In analogy with the regularity lemma of Szemeredi, regularity lemmas for polynomials given by Green and Tao and Kaufman and Lovett give a way of modifying a given collection of polynomials F = {P_1,...,P_m} to a new collection F', so that the polynomials in F' are "pseudorandom." These lemmas have various applications, such as (special cases) of Reed-Muller testing and worst-case to average-case reductions for polynomials. However, the transformation from F to F' is not algorithmic for either regularity lemma. We define new notions of regularity for polynomials, which are analogous to the above, but which allow for an efficient algorithm to compute the pseudorandom collection F'. In particular, when the field is of high characteristic, we can refine F into F' where every nonzero linear combination of polynomials in F' has desirably small Gowers norm.

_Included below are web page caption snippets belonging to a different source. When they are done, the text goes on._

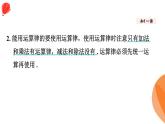華師大版數(shù)學(xué)（2024）七年級(jí)上冊(cè) 1.12  有理數(shù)的混合運(yùn)算  課件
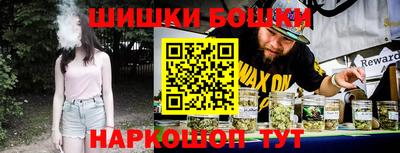 эйфоретик Кулебаки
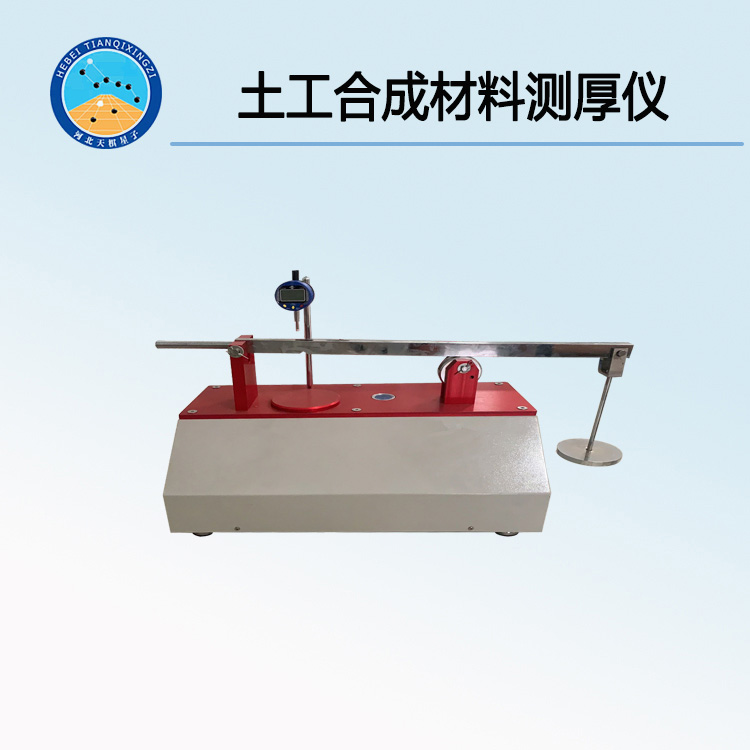 TD1121-2土工合成材料测厚仪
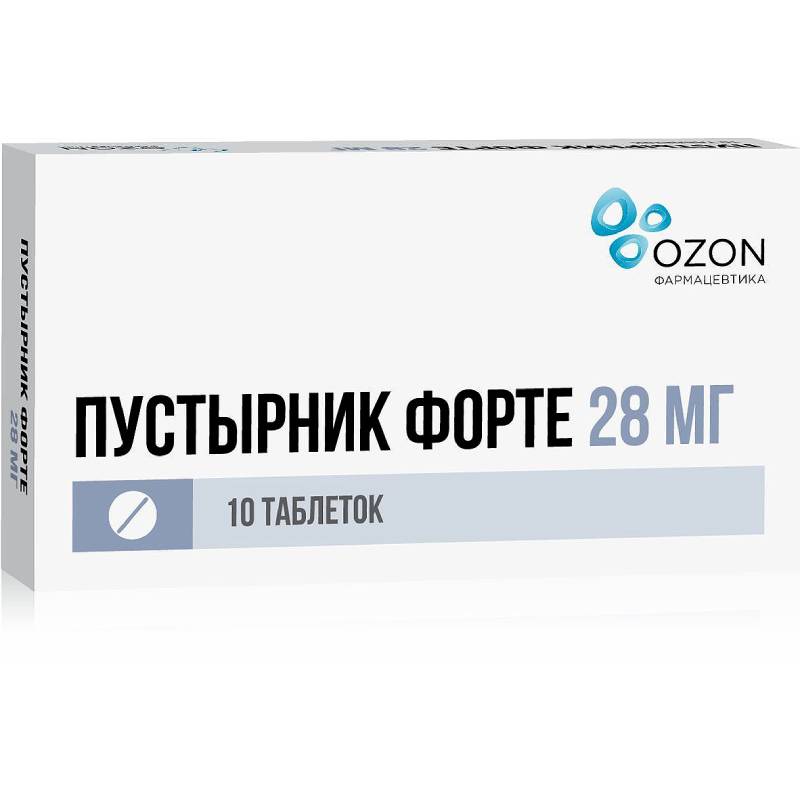 Изображение товара Пустырник форте 28 мг таблетки 10 шт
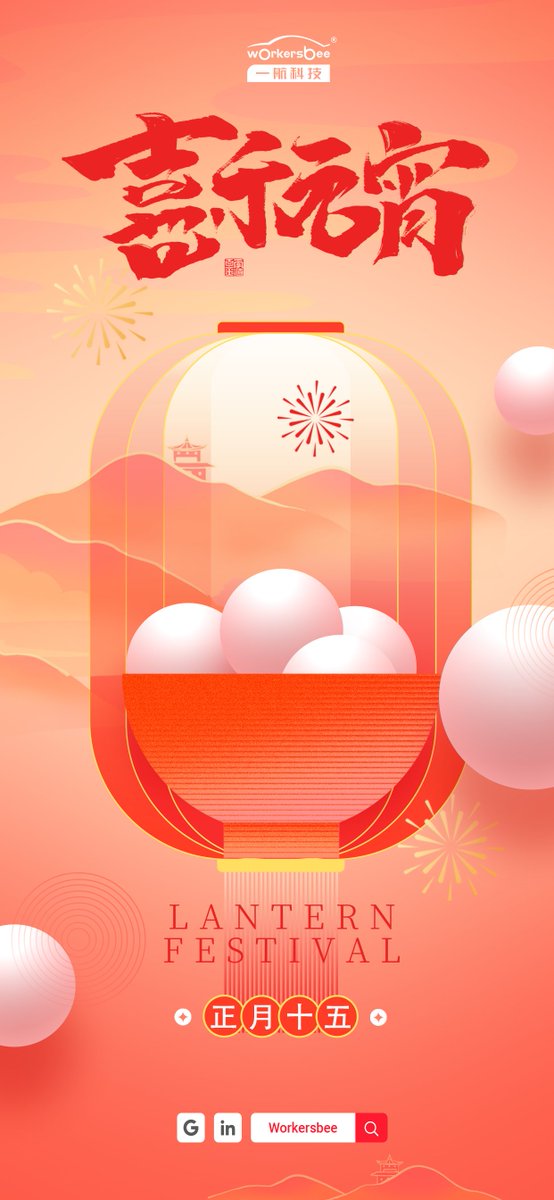 workersbee's tweet photo. 🏮 As the Lantern Festival lights up the night sky, Workersbee sends warm wishes to our partners, customers, and friends around the world.

🌕 Happy Lantern Festival from all of us at Workersbee!

#LanternFestival #Workersbee #HappyLanternFestival #FestivalGreetings #EVCharging https://t.co/iahcN0KQ0s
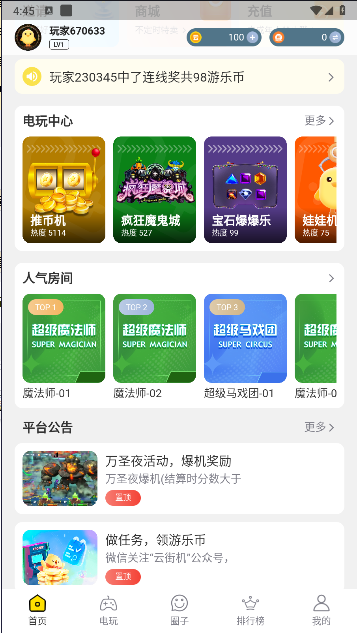 云街机游戏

Using the algorithmic regularity lemmas, we are able to obtain algorithmic versions of the above results. In particular, if a polynomial P of degree d is within (normalized) Hamming distance 1-1/p -\eps of some unknown polynomial of degree k over a prime field of order p (for k < d < p), then we give an efficient algorithm for finding a degree-k polynomial Q, which is within distance 1-1/p -\eta of P, for some \eta depending on \eps. This can be thought of as decoding the Reed-Muller code of order k *beyond* the list decoding radius, in the sense of finding one close codeword, when the received word P itself is a polynomial (of degree larger than k but smaller than p).

Joint work with Pooya Hatami and Madhur Tulsiani.